= Richard Weston (died 1681) =

Member of the Parliament of England

Richard Weston (1620 – 23 March 1681) was an English judge and politician who sat in the House of Commons in 1660.

Weston was the son of Edward Weston of Hackney. He matriculated at Corpus Christi College, Cambridge in 1639, and migrated to Jesus College, Cambridge on 6 September 1641, but left without taking a degree. He was admitted to Gray's Inn on 10 August 1642, and was called to the bar in 1649.

In April 1660, Weston was elected Member of Parliament for Weobley in the Convention Parliament. However the election declared void on 16 July 1660 on the grounds that the Sheriff had failed to send a precept and had not given due notice of the time. By 1662, Weston's arguments in court had attracted attention and were noticed by Thomas Raymond in his Reports of Cases.

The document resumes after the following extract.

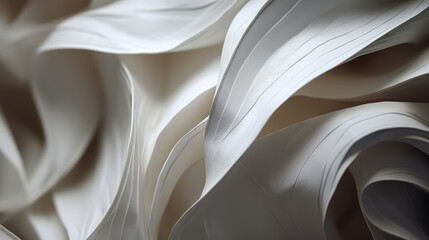 Elegance in Texture Beautiful Paper Surface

Weston was made Lent reader at Gray's Inn in 1676, Serjeant-at-law on 23 Oct. 1677, and became King's Serjeant on 5 February 1678. He was knighted at the same time. He was judge in several important trials between 1678 and 1680. On 7 February 1680 he was made Puisne Baron of the Exchequer.

In the midsummer assizes at Kingston in 1680 he checked George Jeffreys for browbeating the other side in their examination of witnesses, and so made an implacable enemy for himself. Also in 1680, he granted a habeas corpus to Sheridan, whom the House of Commons had committed, when some of the judges held back from so doing. In December 1680 the commons voted an impeachment against him based on some expressions he used in his charge to the jury at Kingston. In speaking of the theologians Calvin and Zwinglius he said ‘Now they were amusing us with fears, and nothing would serve them but a parliament .... for my part I know no representative of the nation but the king.’ The crime with which he was charged was that his words were ‘scandalous to the reformation, and tending to raise discord.’ Parliament was dissolved before the impeachment was brought in and he died before the next parliament proceeded to the business.

Weston died in Chancery Lane and was buried at Hackney on 26 March 1681.

Weston married Frances Manwood, daughter of Sir George Marwood of Little Buskby.